All of the data, except its images, should be set down exactly as it appears.

▶ **DATASET RECORDS**:
※ ※ ※

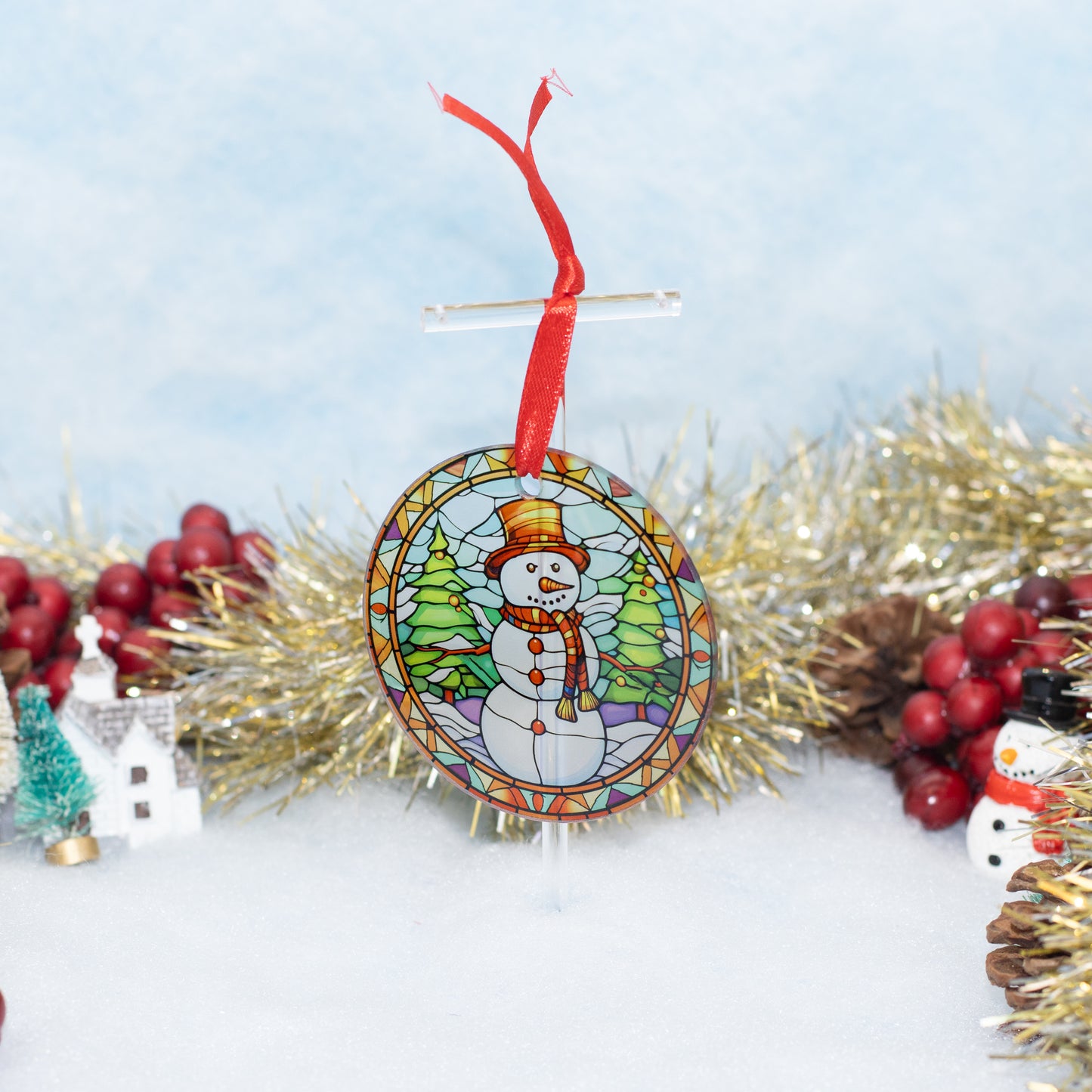 A round Christmas ornament featuring a stained-glass-style snowman illustration with a red hanging ribbon, displayed on a stand against a snowy white background with gold tinsel and holiday decorations.
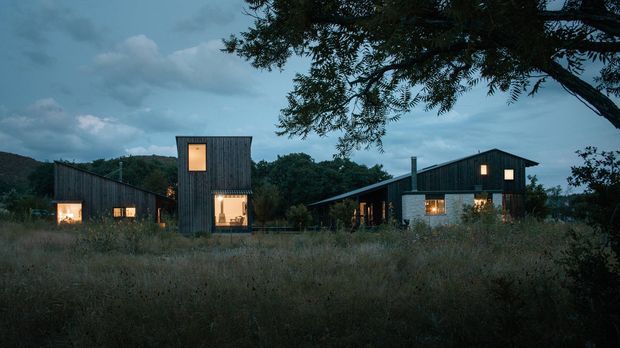 Twilight exterior view of a group of contemporary detached buildings set within a natural, overgrown landscape. The structures feature dark vertical timber cladding, simple pitched and shed roof forms, and warmly illuminated windows. A large tree frames the upper right of the image, while the subdued blue evening light creates a quiet rural atmosphere.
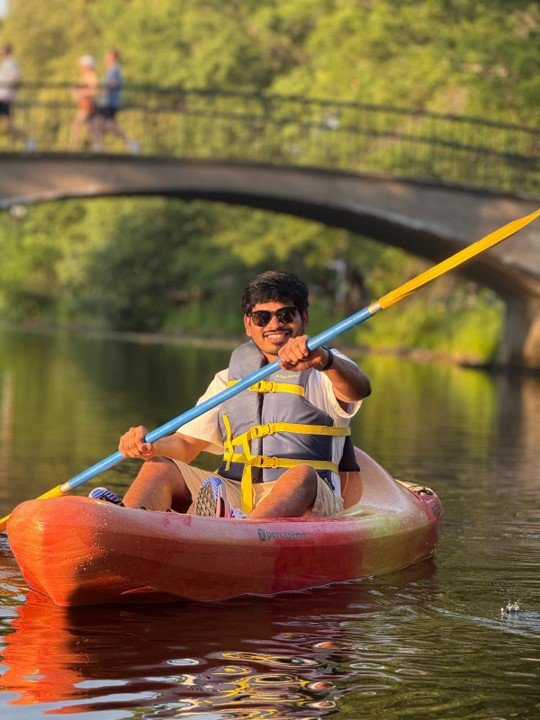 Photo of Shruthin smiling to camera, paddling a kayak. 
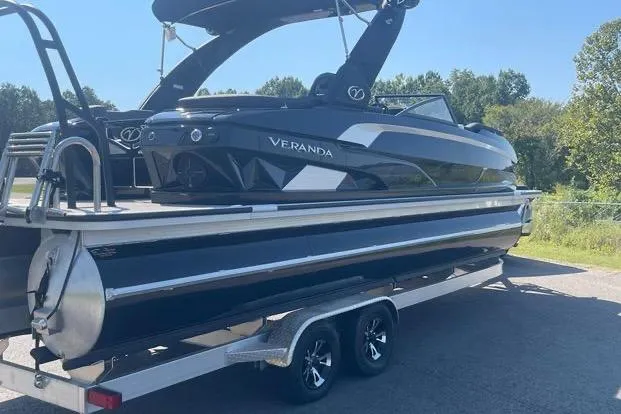 Slide: The Image of 2023 Veranda V One 25 pontoon boat on trailer, sleek black design, parked outdoors. - 13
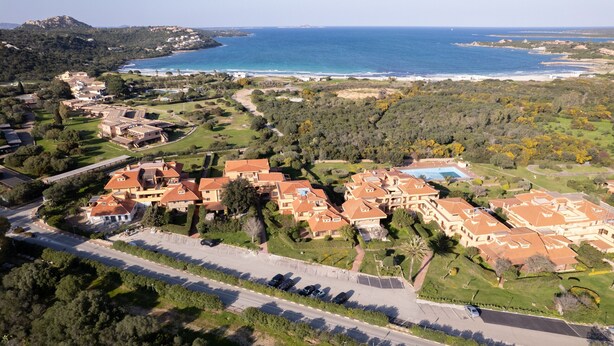 An aerial view of a coastal residential area with houses, a swimming pool, and a road. - Alba Marina by Wonderful Italy (Olbia)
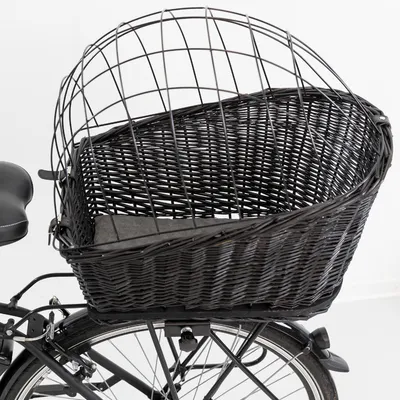Panier en osier noir avec grille métallique, fixé à l’arrière d’un vélo, coussin gris visible au fond du panier.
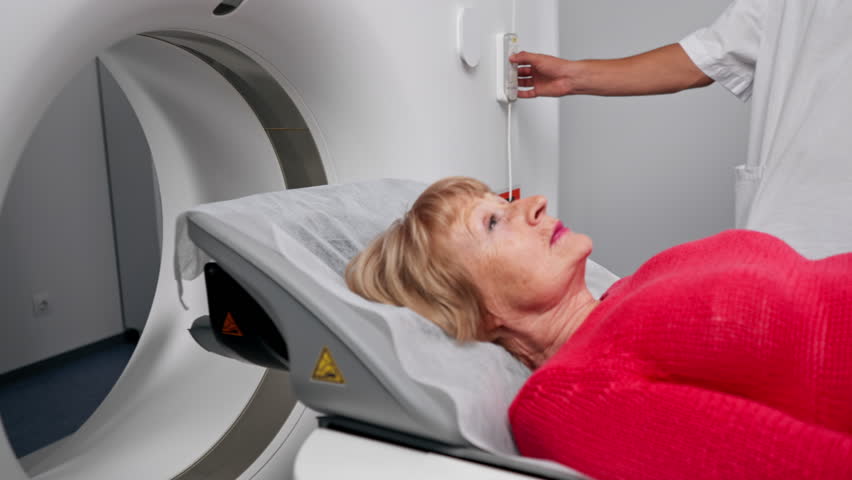 close up in a modern clinic in a white office, a drug for MRI examination of the brain of an elderly woman young doctor nearby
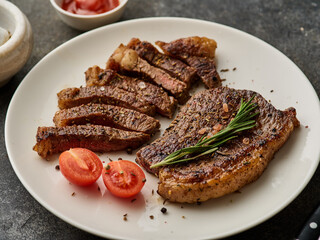 Picanha steak on a white plate close-up, with cherry tomatoes and rosemary. Grilled meat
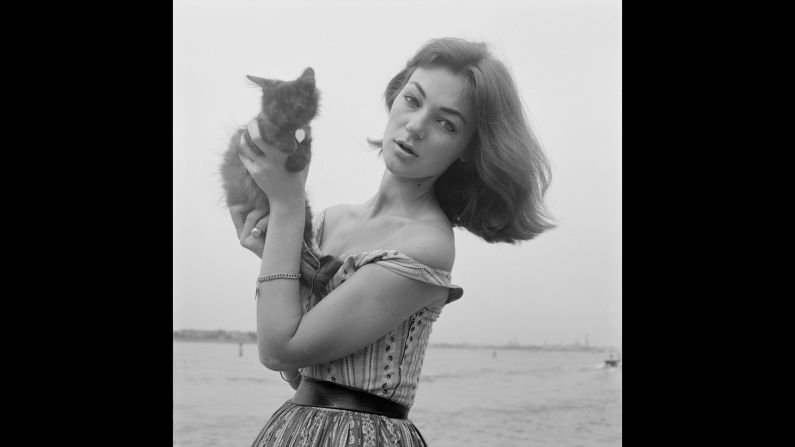 Promoting the 1955 Italian horror film "Gli Sbandati" (The Abandoned), American actress and model Ivy Nicholson shows off her feline friend to photographers.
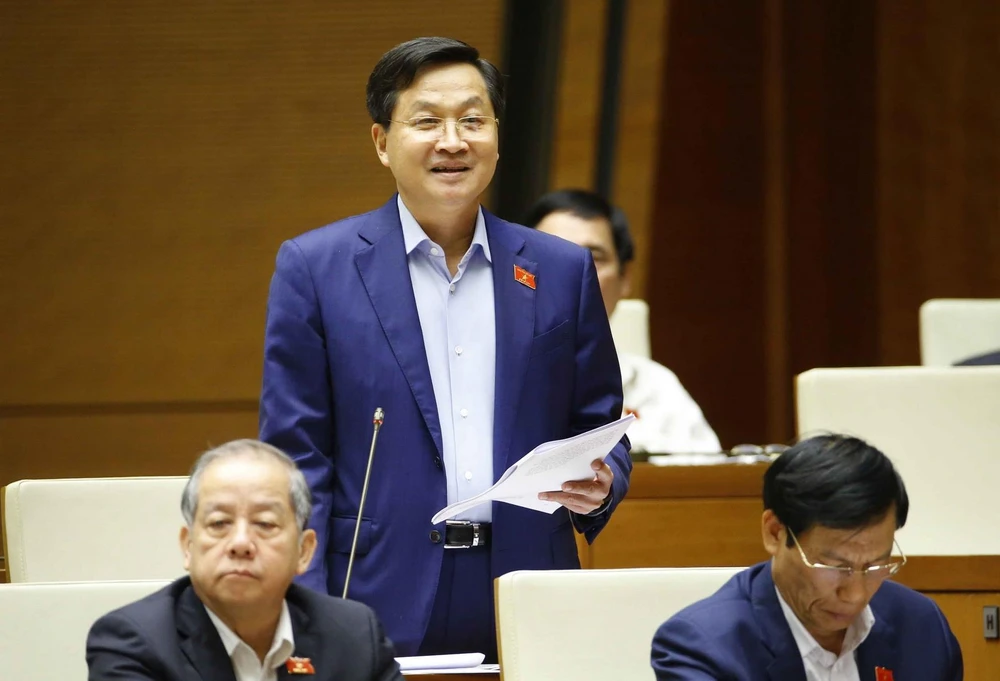 Tổng Thanh tra Chính phủ Lê Minh Khái trả lời chất vấn của các đại biểu Quốc hội. (Ảnh: Doãn Tấn/TTXVN)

※ ※ ※

▶ **ANSWER TO THE EXERCISE**:
 A round Christmas ornament featuring a stained-glass-style snowman illustration with a red hanging ribbon, displayed on a stand against a snowy white background with gold tinsel and holiday decorations.
 Twilight exterior view of a group of contemporary detached buildings set within a natural, overgrown landscape. The structures feature dark vertical timber cladding, simple pitched and shed roof forms, and warmly illuminated windows. A large tree frames the upper right of the image, while the subdued blue evening light creates a quiet rural atmosphere.
 Photo of Shruthin smiling to camera, paddling a kayak. 
 Slide: The Image of 2023 Veranda V One 25 pontoon boat on trailer, sleek black design, parked outdoors. - 13
 An aerial view of a coastal residential area with houses, a swimming pool, and a road. - Alba Marina by Wonderful Italy (Olbia)
Panier en osier noir avec grille métallique, fixé à l’arrière d’un vélo, coussin gris visible au fond du panier.
 close up in a modern clinic in a white office, a drug for MRI examination of the brain of an elderly woman young doctor nearby
 Picanha steak on a white plate close-up, with cherry tomatoes and rosemary. Grilled meat
 Promoting the 1955 Italian horror film "Gli Sbandati" (The Abandoned), American actress and model Ivy Nicholson shows off her feline friend to photographers.
 Tổng Thanh tra Chính phủ Lê Minh Khái trả lời chất vấn của các đại biểu Quốc hội. (Ảnh: Doãn Tấn/TTXVN)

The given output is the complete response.